During the hour or so that Torsten and I had spent together prior to our purchase of Wombalano he had told me many things, like how to start and run the fire pump that lifted water from the river to the 8000 gallon concrete tank sitting on a small hill 200 metres away. Like where the 2 inch water pipe ran and how he had dug it in and his plans for linking in to Gordon’s similar line as a fire emergency measure. Like about the kit 4000 gallon tank that had been delivered but never unwrapped and where I would find the thousands of nuts and bolts needed to fasten it together. He told me where the rolls of spare irrigation pipe were, the wire and netting for fencing and explained the tools I was inheriting. They had many expansion plans and had bought in sufficient materials to do them. You don’t need to reinvent the wheel he said.
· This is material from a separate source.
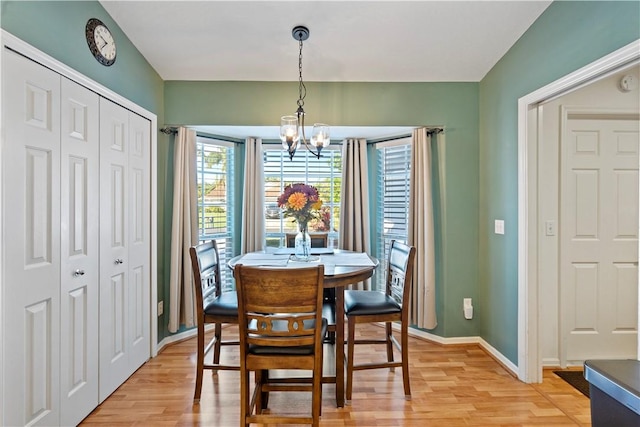 dining room with an inviting chandelier, baseboards, and light wood finished floors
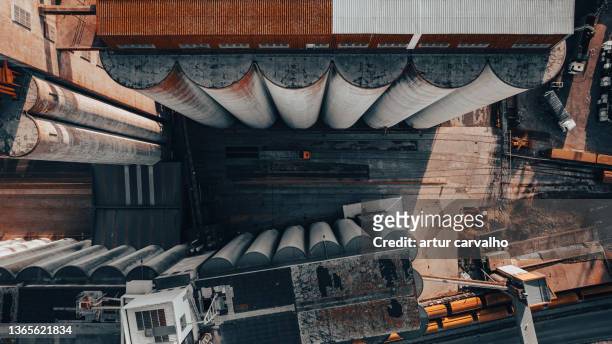cereal silos and trucks from above - unloading stockfoto's en -beelden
Over the following months and years I got to know Torsten intimately despite never communicating ever again. He was methodical, so once you learned the method, you knew he would always use it. He spaced things equally, kept his old nuts and bolts separate from his screws and nails and had categorised them in sizes. He overbought everything so there were spares. He made lists. The lists were in neat folders and arranged alphabetically. He obviously went to a different school from me, or perhaps he listened instead of looking at girls.


While browsing through one folder I found an envelope containing the labels from all the plants they had tried to grow. The labels were numbered and there was a diagram of where the numbers were placed on the farm. Very many things had died or soon would. Grapes, many fruit trees that would thrive in Sydney, nut trees like almonds and hazels and a couple of walnuts. They had spent a fortune. Included were 5 varieties of raspberry, 5 plants of each.



We grew a few raspberries in the cold of Canberra so I thought they might be alive somewhere. I followed Torsten’s diagram to the Middle Paddock where there was just long grass. No signs of the bushes. They should have towered above the grass. I started up the enormous trimmer that was part of the walk-in-walk-out deal using the nylon cutter rather than the blade that was big enough to fell a small tree. Sadly, Torsten hadn’t bought the plough attachment. I started cutting the grass and within a few minutes had located a very small raspberry plant. The others were equidistant and due east and west of the first. All 25 had survived the 6 years since they had been planted, but hadn’t grown or spread. They weren’t on a dripper line like the dead and miserable fruit trees and the seriously bored-out blackcurrant bushes. They had got this far so they might as well be rescued and treated nicely with at least a dripper line and a bit of a weed and fertilise.



She said it would be nice to grow raspberries. Then we can make raspberry jam like your mother makes. She didn’t mean my mother who never made jam though she was great on other stuff, but rather her mother. Her family had a strange tradition of referring to their parents by “Yer mother/father”. They were all pretty keen on their parents so it wasn’t an attempt to distance themselves from that relationship. They still do it which is pretty weird. Maybe an Adelaide thing to do with expurgating any convict links which of course they didn’t have.